Debate on Western Ave. reconstruction project centered on 10-inches of asphalt versus 9-inches of concrete, asphalt will save city $716,072
By JESSICA CRAWFORD • Daily Leader
After several meetings of discussion and tabling a decision in order to gather more facts, the city commission voted to go with J&R Sand to repair Western Avenue with 10 inches of asphalt at a cost of
$3,882,493 at its Tuesday evening meeting. The motion was approved by all commissioners with the exception of Bob Carlile, who chose to abstain.
The total cost of the asphalt repair was $716,072 less than the
$4,598,564 bid for nine inches of concrete from J-A-G construction.
Commissioner Bob Carlile said the start date would have to be some time next spring.
“You have lost the fall start,” Carlile explained to commissioners.

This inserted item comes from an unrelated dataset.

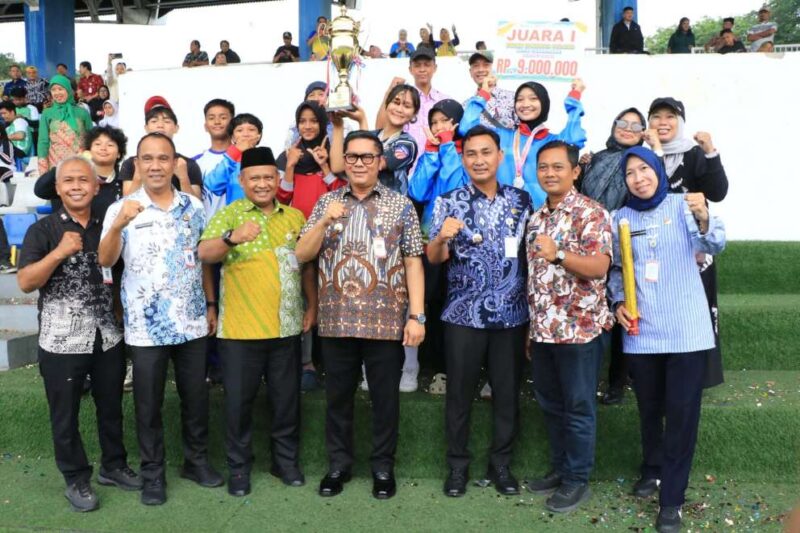 Foto: Didampingi Kadispora Kota Tangerang, Kaonang, Wakil Wali Kota Tangerang, H. Maryono Hasan Berfoto Bersama Usai Tutup Kegiatan Popkot Tingkat Kota Tangerang 2025.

“That is not all bad because of school,” commissioner Dave Harrison replied, showing concern that Liberal High School and West Middle School do sit on Western Avenue.
Public Works Director Joe Sealey informed the commission that the project would take 190 days to complete so it would, at some point, be under construction during school.
Mayor Joe Denoyer added that, hopefully, the project would pass the Second Street intersection by that time.
“You are going to have a 20-inch hole in the ground,” Carlile alerted commissioners.
“That is the concern,” Vice Mayor Tim Long said, “Crossing over it.”
Extra cost may be incurred for construction engineering of the project, Sealey informed the commission. Commissioners agreed this was a needed cost in order to have a well constructed road that will last. Sealey said the cheapest way to go would have a firm on hand only when needed, thus paying by the hour.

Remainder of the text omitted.